--- Dataset section ---
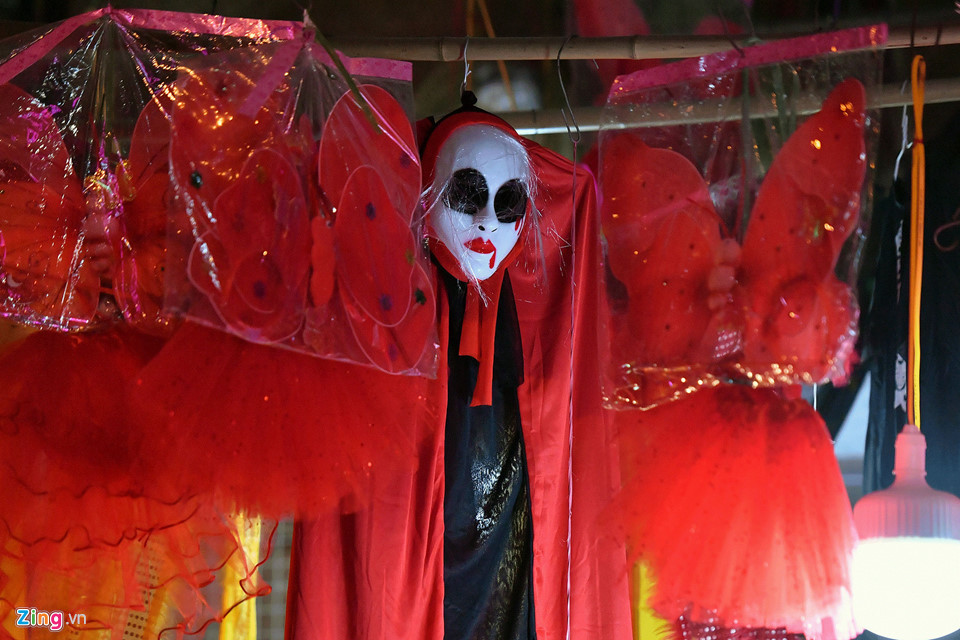 ... lẫn treo lủng lẳng trước cửa nhà. Chúng hầu hết được nhập từ Trung Quốc với giá rất rẻ.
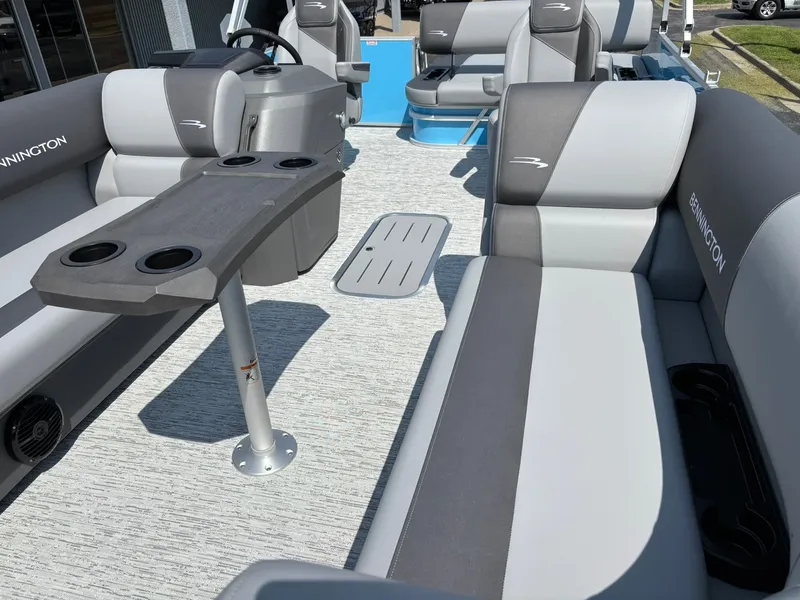 Slide: The Image of Bennington 22 SSB Base 2026 - 19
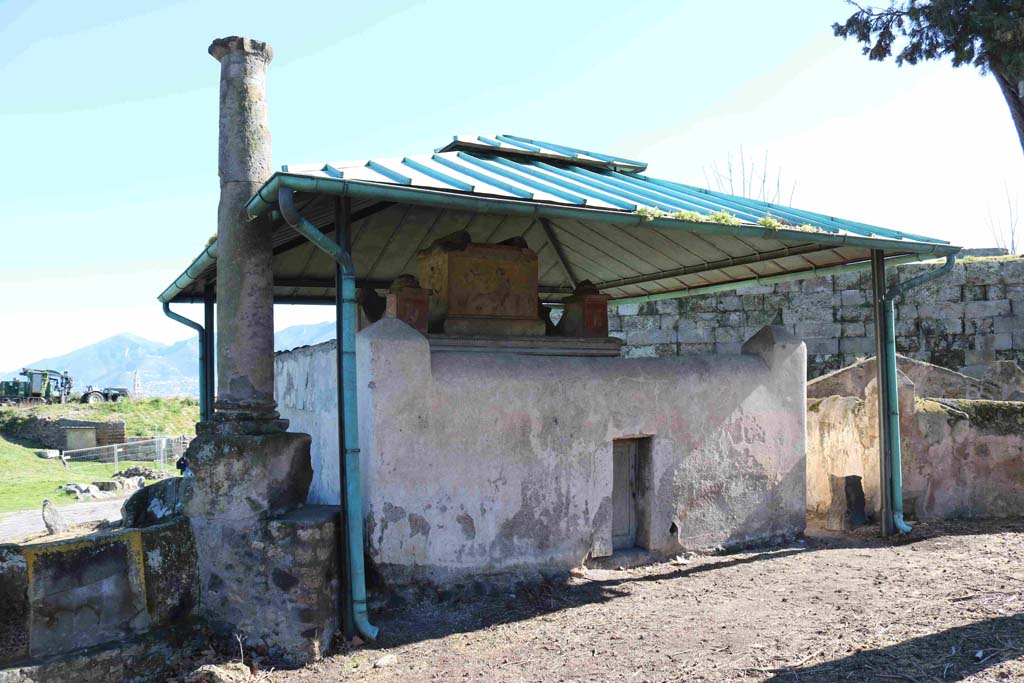 VGJ Pompeii. February 2020. Exterior west wall with doorway at rear. Photo courtesy of Aude Durand.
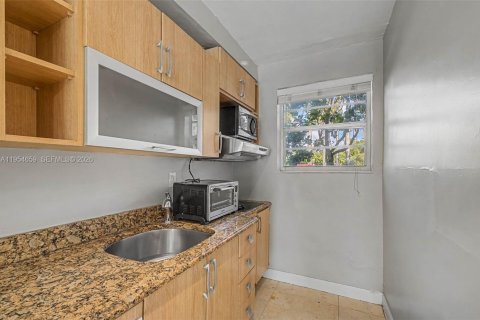 Apartamento en alquiler en Miami Beach, Florida № 2008415 - foto 8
---
**Assignment:** Repeat the listing above exactly from its first line to the line containing "VGJ Pompeii. February", both included, and omit the pictures.

**Final answer:**
 ... lẫn treo lủng lẳng trước cửa nhà. Chúng hầu hết được nhập từ Trung Quốc với giá rất rẻ.
 Slide: The Image of Bennington 22 SSB Base 2026 - 19
 VGJ Pompeii. February 2020. Exterior west wall with doorway at rear. Photo courtesy of Aude Durand.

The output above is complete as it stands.